Mutapa Investment Fund clusters 66 entities to optimise benefits

THE Mutapa Investment Fund has organised 66 entities in its portfolio including their subsidiaries and state-invested enterprises (SIEs), into five clusters to optimise benefits, a senior official revealed. The current clusters encompass natural resources, energy and trading, infrastructure, industrials, financial services and real estate.

There is a strong belief that state-owned enterprises and parastatals under the direct control of the Mutapa Investment Fund will recover profitability or sustain it while enhancing investment assets for the public.

Several State-owned enterprises that have been struggling were brought together, along with some already profitable enterprises as part of the Government effort to convert them into viable companies.

There is high optimism that state-owned enterprises and parastatals put under the direct control of Mutapa Investment Fund are set to bounce back to profitability, or maintain profitability and build up the investment assets that belong to the people.

Speaking at a panel discussion on “Transforming State-owned Enterprises into African Champions” during the CEO Africa Roundtable annual meeting in Victoria Falls last week, Mutapa’s deputy chief investment officer, Mr Ernest Denhere, highlighted the clustering of entities to streamline strategies across the portfolio.
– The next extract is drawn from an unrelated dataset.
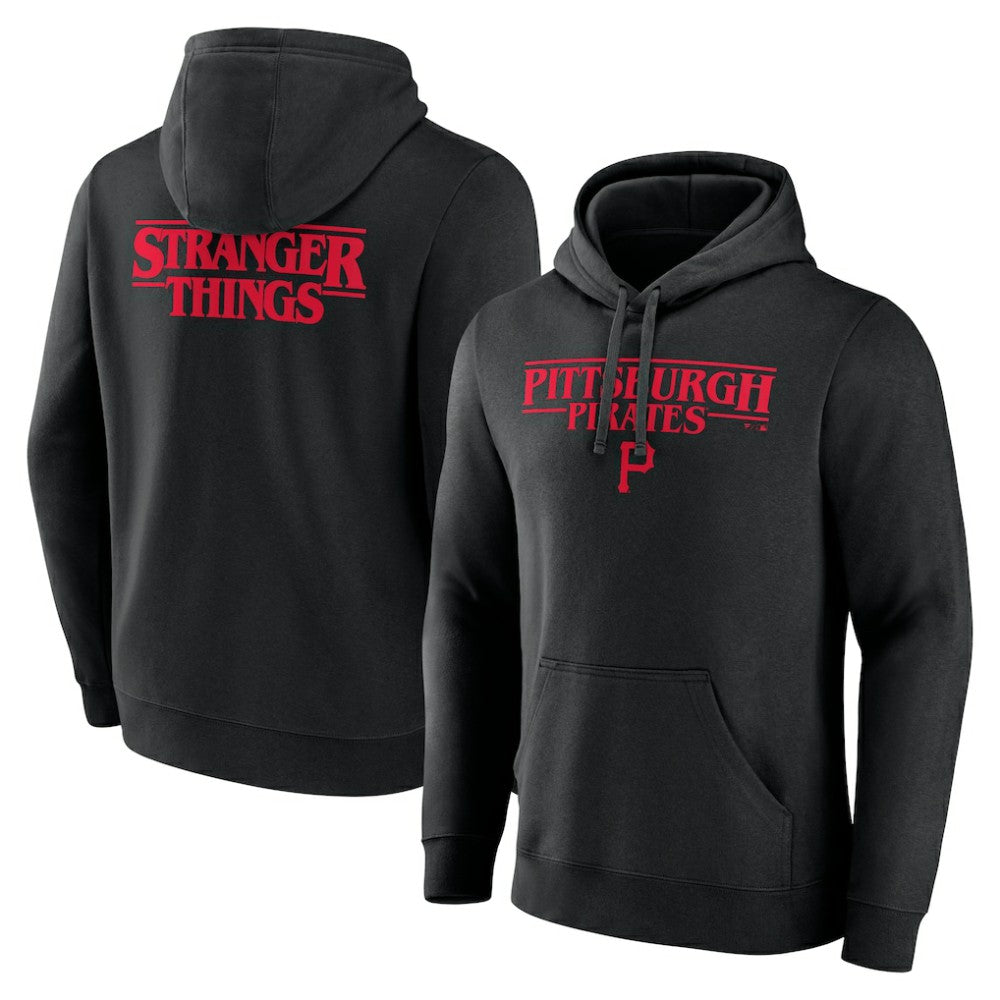 Pittsburgh Pirates Stranger Things Logo Lockup Pullover Hoodie - Black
“There are about 66 odd companies in the fund’s portfolio, but there are some intermediary holding companies within that mix, some operational, some dormant, listed and state-owned entities,” he told delegates.
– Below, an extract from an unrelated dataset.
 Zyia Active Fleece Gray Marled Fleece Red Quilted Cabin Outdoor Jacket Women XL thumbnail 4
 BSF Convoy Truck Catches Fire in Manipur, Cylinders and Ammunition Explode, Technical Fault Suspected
“In terms of management, what we have done at the moment is how best to understand the portfolio and see areas of improvement. Some companies are profitable, others are loss-making or breaking even.
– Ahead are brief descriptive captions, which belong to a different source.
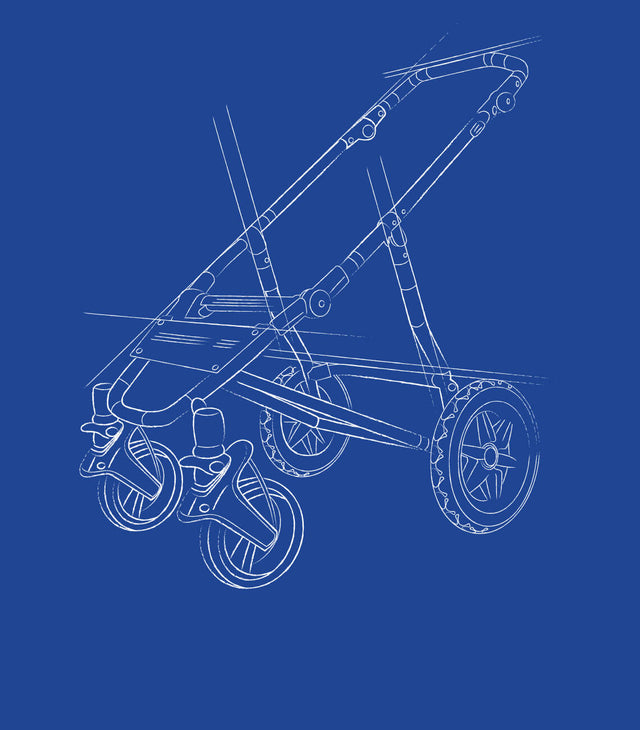 CAD sketch of 4 wheel baby stroller frame and parts excluding fabric set - duet™ and nano duo™ 4 wheel strollers have options for 2 infants/toddlers while nano™ and cosmopolitan™ are single baby/toddler four wheelers - mountain buggy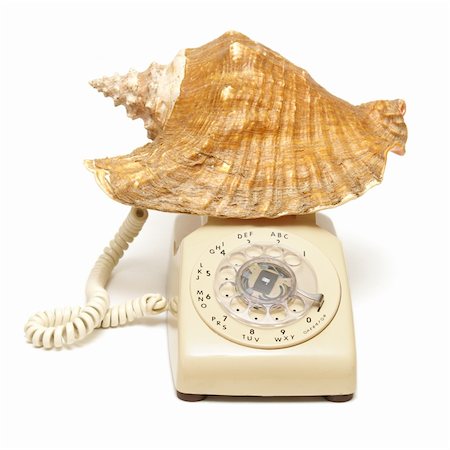 A conceptual shell phone great for booking vacations or just a day at the beach. Stock Photo - Budget Royalty-Free & Subscription, Code: 400-04900240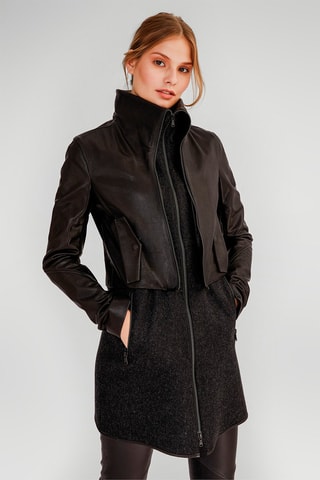 Manteau en cuir d'agneau Anthracite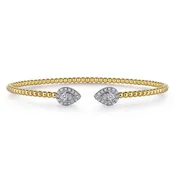 14K White and Yellow Gold Diamond Pear Shape Bujukan Bangle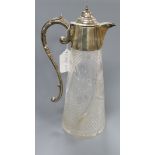 An Edwardian silver mounted cut glass claret jug, James Deakin & Sons, Sheffield, 1901, 29.5cm.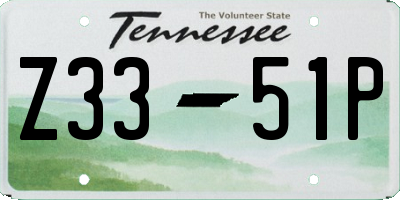TN license plate Z3351P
“We have set an investment strategy for the fund and we have clustered the fund into five areas, the natural resources, energy and trading, infrastructure, industrials and financial services and real estate.” “This is to bring some functionality in terms of how we are going to drive strategies into different portfolio entities.”

Mr Denhere said the fund is currently seized with looking at how to maximise the portfolios, understand what the quick wins are and how to allocate capital efficiently.

“We are focusing on infrastructure, mining and energy, which we think are enablers for economic growth. Vision 2030 aspirations that the Government has laid out, those need core focus in terms of how we bridge the current energy deficit.

“At the moment it’s about looking at how to maximise the portfolios, understand what the quick wins are and how we can allocate capital efficiently.”
In his contribution, Minister of Higher and Tertiary Education Innovation Science and Technology Development, Professor Amon Murwira said it is critical to convert SOEs from being users to creators adding that SOEs are created to achieve national strategic goals.

The anchor for success for SOEs is in investing in innovation and having an innovative culture and not a resuscitation culture, he said.
“Innovation could make SOEs pursue blue ocean strategies where we do new things instead of the old red oceans strategies,” said the minister.

He stressed that it is important to create uncontested market space, make competition irrelevant and create and capture new demand.
He said SOEs have to create an environment for the private sector to thrive by taking the risk.

The minister added that many SOEs are failing because their primary purposes of being set up no longer exist. He said there is nostalgia in resuscitating old firms.

“It is therefore important to accept that some SOEs have to be transformed in order to remain relevant and become champions for economic growth,” he said.

Under the Second Republic, he said transformation of SOEs is a priority area in order for them to support economic growth. Formed in terms of the Sovereign Wealth Fund Act before being renamed, MIF is currently invested in over 65 companies across various sectors of the Zimbabwean economy.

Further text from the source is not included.